By “a good will” Kant means acting out of duty to the the Categorical Imperative. Here his anti-utilitarianism becomes apparent, indeed absolute. If we act morally out of a motive to bring about a beneficial result, such as to foster greater justice or to make a friend happier or even to enable ourselves to feel good by performing a righteous deed, Kant would conclude that we have performed a prudential act, and that is certainly okay. But strictly speaking, we have not performed an ethical act. In short, for Kant, being ethical, doing the right thing, only results when we do the right thing because it is right, and not for any extrinsic or utilitarian reason. We tell the truth not because we will thereby benefit, but because telling the truth is the right thing to do in and of itself – period.
Now, I must admit that Kant is an ethical rigorist. In fact, I conclude, given that we are creatures of need always yearning for gratification, and cannot be motivated by pure duty, Kant's ethics is, in practice, an impossible one. I would speculate that the most selfless mother, who would sacrifice anything for her child, still harbors in the back of her mind the hope that when her child grows up he will be nice to her. In short, our ethics cannot be based on pure altruism. There will always be some self-interest, however minimal or sublime.
But this entire excursus through ethics 101 is to make an important point related to the pervasiveness of the harshness of our times and the quick assessments of the actions of others who fall into disfavor. For Kant, we should not judge the ethical quality of an act based on consequences or our acts, but solely on our motives. Why? Because we can never be certain as to where our actions will lead.
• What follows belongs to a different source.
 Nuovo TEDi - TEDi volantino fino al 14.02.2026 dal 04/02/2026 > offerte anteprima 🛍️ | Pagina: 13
The only thing we can be certain about are our inner intentions; whether we have acted out of the best intentions or perhaps otherwise.
I believe there is wisdom and much humanity in this, humanity which is too often absent these days. As mentioned, we are all fallible creatures, We all have our vulnerabilities and make mistakes. In a world of striving we both succeed and fail in our undertakings. Things we do with the best of intentions often turn out badly through no fault of our own.
When this is the case, which too often it is, would not each of us want others to understand that we acted out of good intentions, despite the negative consequences, and thereby open the door to forgiveness and reconciliation?
To be judged on the consequences of a person's action alone is to isolate the other. But to be sensitive to their motivations and intentions is a way to open the door to dialogue and understanding. When we understand the motivations of others, even in their failed actions, we perhaps see aspects of ourselves. It is a way to understand and respect their humanity. And as such, it is a vehicle toward softening human relations and thereby strengthening the human bond.
Though it may not be in vogue in our times, I continue to believe that our intentions count, and should count for a great deal.
Intentions count. But we all know that they don't protect us from doing wrong. Some of the Nazis genuinely believed they were helping Germany. The British thought their imperalism was bringing civilization. Individuals did ugly things that should have offended their sensibilities but cloaked themselves in ideas of virtue. There is a body of psychology research that people tend to think they are more virtuous than average, more virtuous than others--just like we think we are above-average drivers. My personal standard is to do things I assess as ethical even if I don't "feel like it" or feel "virtuous" doing it. Often, my shortcut is to ask the opinion of someone else I think of as highly ethical.
They are not ethical unless suffused with ethical content coming from elsewhere. That is a strong statement! Thank you for clarifying.